**WHAT IS REQUIRED:**
Reproduce, please, the line that holds "this 450×320 image." and all later lines through the end of the entries below, exactly; omit pictures.
[RECORDS — start]
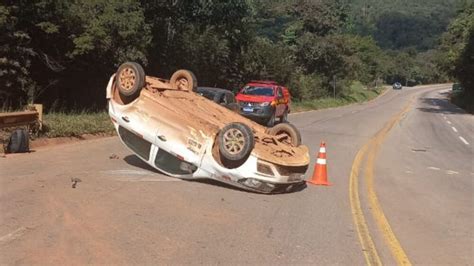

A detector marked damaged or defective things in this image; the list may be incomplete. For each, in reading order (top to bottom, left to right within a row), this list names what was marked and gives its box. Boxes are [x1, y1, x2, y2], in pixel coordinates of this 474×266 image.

overturned car [105, 62, 310, 193]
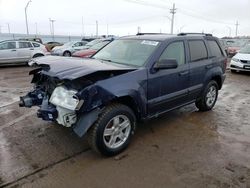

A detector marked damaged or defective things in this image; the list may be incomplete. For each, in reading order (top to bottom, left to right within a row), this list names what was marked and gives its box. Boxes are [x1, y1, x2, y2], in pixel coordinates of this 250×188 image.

damaged hood [29, 55, 137, 79]
broken headlight [49, 86, 79, 111]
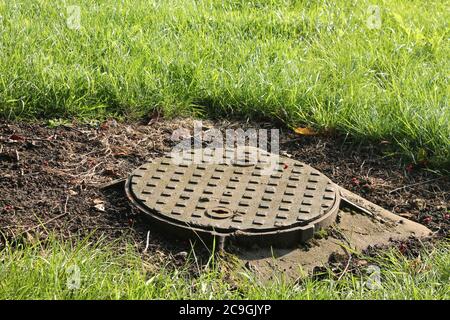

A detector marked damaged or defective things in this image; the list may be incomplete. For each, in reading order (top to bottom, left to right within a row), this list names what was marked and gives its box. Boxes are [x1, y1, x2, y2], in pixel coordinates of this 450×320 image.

rusty metal lid [125, 146, 340, 246]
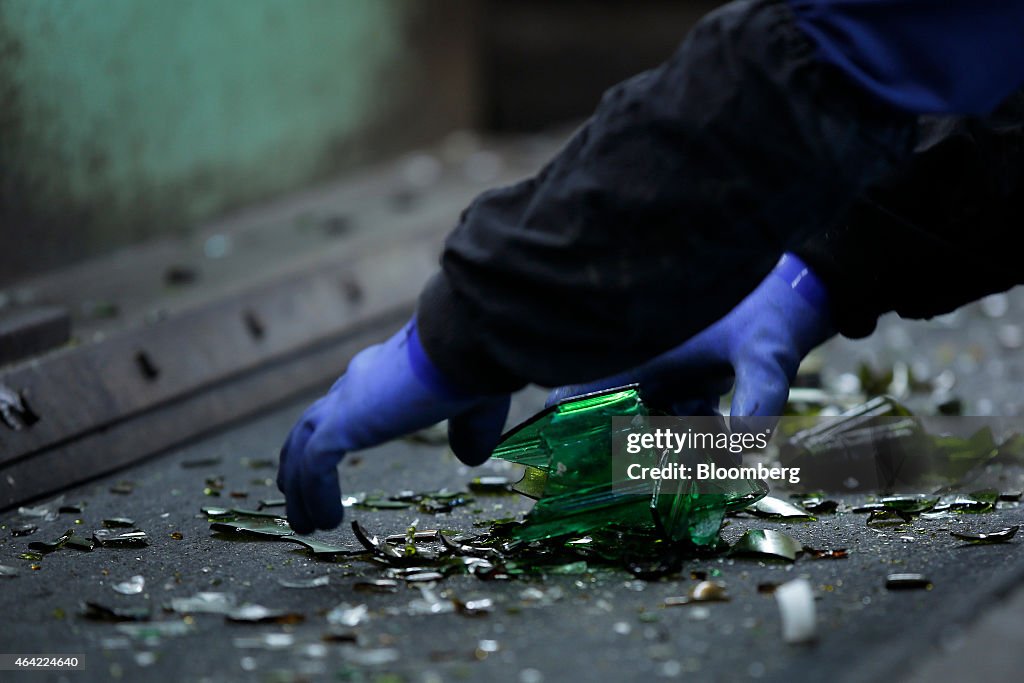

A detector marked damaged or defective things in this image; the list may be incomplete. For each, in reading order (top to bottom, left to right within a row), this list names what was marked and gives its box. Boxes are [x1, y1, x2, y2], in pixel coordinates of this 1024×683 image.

broken green glass bottle [489, 387, 770, 548]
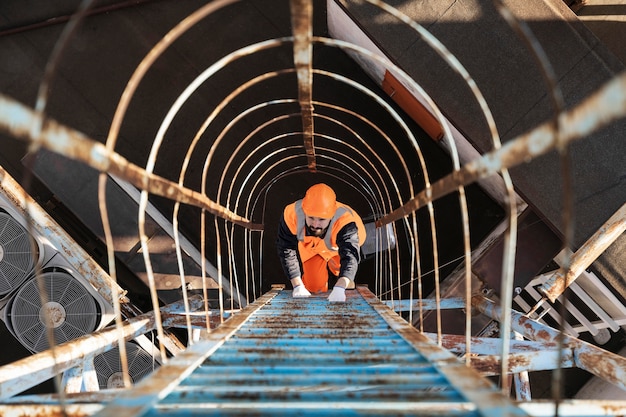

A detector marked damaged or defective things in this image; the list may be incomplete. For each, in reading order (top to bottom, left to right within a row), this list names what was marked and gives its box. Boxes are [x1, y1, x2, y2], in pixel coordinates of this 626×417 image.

rusty metal bar [0, 93, 260, 229]
rusty metal bar [288, 0, 314, 171]
rusty metal bar [372, 72, 624, 228]
rusty metal bar [536, 202, 624, 302]
rusty metal bar [0, 296, 201, 400]
rusty metal bar [470, 294, 624, 392]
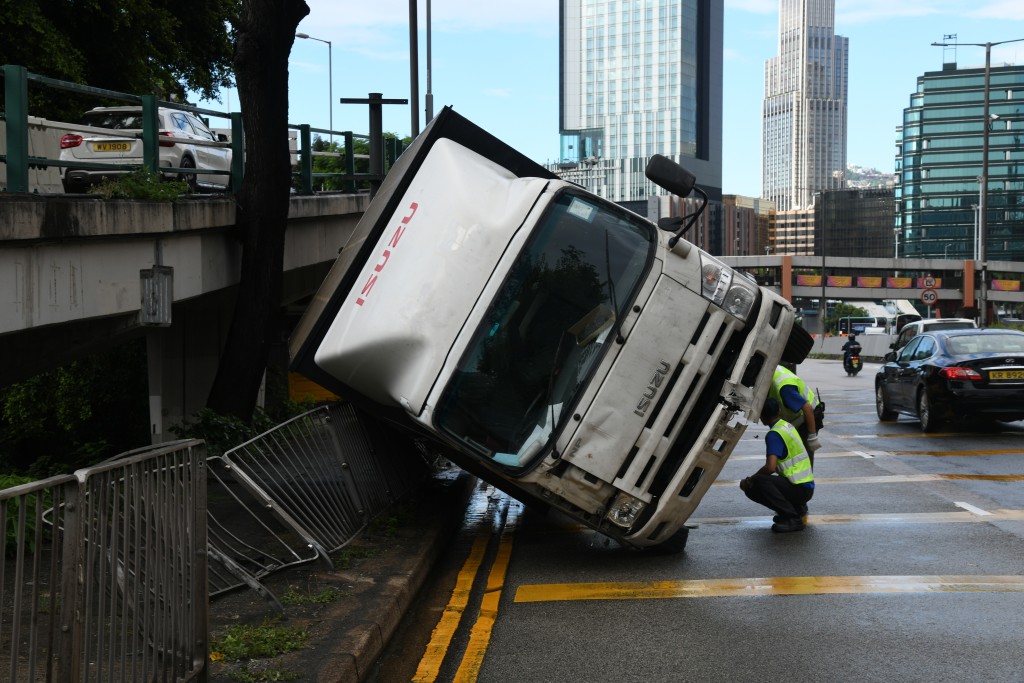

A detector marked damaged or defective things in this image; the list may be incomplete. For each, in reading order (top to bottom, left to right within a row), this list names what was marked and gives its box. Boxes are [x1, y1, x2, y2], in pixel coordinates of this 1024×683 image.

crashed metal barrier [0, 438, 206, 683]
crashed metal barrier [208, 404, 432, 600]
overturned isuzu truck [288, 108, 808, 556]
damaged truck cab [288, 108, 808, 556]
[RECORDS — finish]
**RESPONSE TO THIS TASK:**
A detector marked damaged or defective things in this image; the list may be incomplete. For each, in reading order (top to bottom, left to right within a row), this list names what was marked and gives its box. Boxes are [x1, y1, x2, y2], in pixel coordinates of this 450×320 image.

rusty metal lid [125, 146, 340, 246]

A detector marked damaged or defective things in this image; the list may be incomplete. For each, in reading order (top to bottom, left to right within a row), this list names what was marked and gives its box. Boxes are [x1, y1, x2, y2], in pixel coordinates of this 1024×683 image.

broken green glass bottle [489, 387, 770, 548]

A detector marked damaged or defective things in this image; the list may be incomplete. For each, in reading order (top to bottom, left to right within a row), this list names what was marked and gives its box. Boxes are [x1, y1, x2, y2], in pixel coordinates of this 626×417 image.

rusty metal bar [0, 93, 260, 229]
rusty metal bar [288, 0, 314, 171]
rusty metal bar [372, 72, 624, 228]
rusty metal bar [536, 202, 624, 302]
rusty metal bar [0, 296, 201, 400]
rusty metal bar [470, 294, 624, 392]

A detector marked damaged or defective things in this image; the list may be incomplete. For each, in reading order (top to bottom, left to right within a row), this list names what was marked and gives its box. Boxes are [x1, y1, x2, y2], in pixel coordinates of this 1024×683 image.

crashed metal barrier [0, 438, 206, 683]
crashed metal barrier [208, 404, 432, 600]
overturned isuzu truck [288, 108, 808, 556]
damaged truck cab [288, 108, 808, 556]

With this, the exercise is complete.